Join us for an intimate evening with Clara Bingham to celebrate The Movement: How Women’s Liberation Transformed America 1963-1973, what The New York Times is calling “Rollicking good fun…in this deftly arranged collection of remembrances, anecdotes, explications and arguments, the 10 years leading up to the Roe v. Wade decision were downright exhilarating.” This event is being generously hosted by Diane Archer.
A comprehensive and engaging oral history of the decade that defined the feminist movement, including interviews with living icons and unsung heroes—from former Newsweek reporter and author of the “powerful and moving” (The New York Times) Witness to the Revolution.
For lovers of both Barbie and Gloria Steinem, The Movement is the first oral history of the decade that built the modern feminist movement. Through the captivating individual voices of the people who lived it, The Movement tells the intimate inside story of what it felt like to be at the forefront of the modern feminist crusade, when women rejected thousands of years of custom and demanded the freedom to be who they wanted and needed to be.

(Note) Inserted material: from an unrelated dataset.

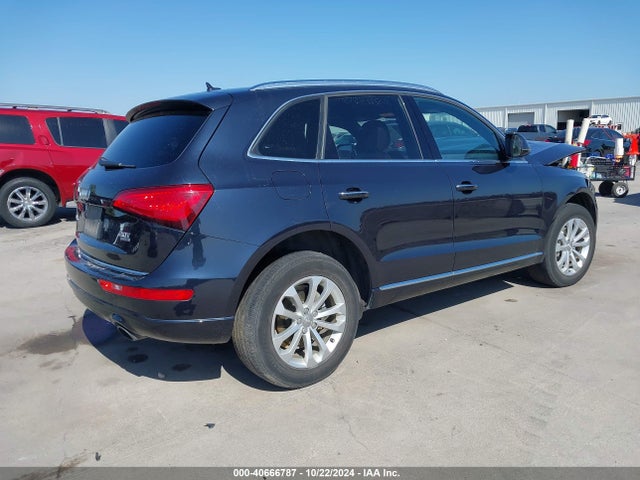 Audi Q5 2.0t Premium 2017 WA1C2AFPXHA079341 Image 4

Artists and politicians, athletes and lawyers, Black and white, The Movement brings readers into the rooms where these women insisted on being treated as first class citizens, and in the process, changed the fabric of American life.
Clara Bingham is an award-winning journalist and the author of Witness to the Revolution, Women on the Hill, and the cowriter of Class Action. A former Washington, DC, correspondent for Newsweek, her writing has appeared in Vanity Fair, The Guardian, The Daily Beast, among others. She lives in Brooklyn, New York.
About PEN America Authors’ Evenings
The PEN America Authors’ Evenings are nights of literary dinners in private homes and intimate settings. Please visit the Authors’ Evenings webpage for our full calendar of dinners.
Proceeds from the PEN America Authors’ Evenings support PEN America’s programming to secure the liberty of persecuted and imprisoned writers around the world, to defend freedom of expression, and to promote literature and international cultural exchange.